A cosmopolitan It Girl among more than a few earnest, less-worldly lasses, Bluehour stands out first, for its glittering scene, second, for the fine food of chef Kenny Giambalvo.
The long list of starters, compared with just a half-dozen entrees, is everyone's favorite part of the menu. Gnocchi are velvety, cheesy cushions with a salty kick and hint of black truffle. Made-to-order risotto, recently touting cuttlefish braised in squid ink, takes longer to prepare than most appetizers, but the first bite confirms that it's worth the wait. Seared sea scallops cosseted by strips of bacon are a heady treat.

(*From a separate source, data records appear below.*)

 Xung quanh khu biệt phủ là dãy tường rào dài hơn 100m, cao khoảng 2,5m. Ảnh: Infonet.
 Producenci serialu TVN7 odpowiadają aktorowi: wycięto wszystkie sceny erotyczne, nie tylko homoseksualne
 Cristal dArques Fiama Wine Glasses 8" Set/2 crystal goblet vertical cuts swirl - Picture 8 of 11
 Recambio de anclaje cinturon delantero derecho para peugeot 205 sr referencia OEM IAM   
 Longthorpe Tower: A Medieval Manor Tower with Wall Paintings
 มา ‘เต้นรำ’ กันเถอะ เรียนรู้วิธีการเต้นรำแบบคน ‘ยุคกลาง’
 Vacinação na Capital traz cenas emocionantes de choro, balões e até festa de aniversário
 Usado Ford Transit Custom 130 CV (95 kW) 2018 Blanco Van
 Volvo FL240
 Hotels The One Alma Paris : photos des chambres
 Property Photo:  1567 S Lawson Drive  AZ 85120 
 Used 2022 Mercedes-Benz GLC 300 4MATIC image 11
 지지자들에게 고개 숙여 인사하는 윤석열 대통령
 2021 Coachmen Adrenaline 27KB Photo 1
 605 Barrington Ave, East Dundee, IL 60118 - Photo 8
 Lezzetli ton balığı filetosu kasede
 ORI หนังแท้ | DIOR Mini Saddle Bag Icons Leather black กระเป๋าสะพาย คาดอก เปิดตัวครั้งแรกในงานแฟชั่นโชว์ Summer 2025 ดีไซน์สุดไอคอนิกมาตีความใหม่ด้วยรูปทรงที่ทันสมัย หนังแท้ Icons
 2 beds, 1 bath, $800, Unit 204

And the elegant Caesar salad, composed of full, slender romaine leaves, always satisfies.
Intriguing ingredients unexpectedly pop up all over the menu. Watercress and a sweet onion salad lend perkiness to grilled hanger steak while grapefruit and leeks accompany excellent seared foie gras. Even desserts, such as chocolate caramel tart spiked with fleur de sel, take a walk on the wildish side.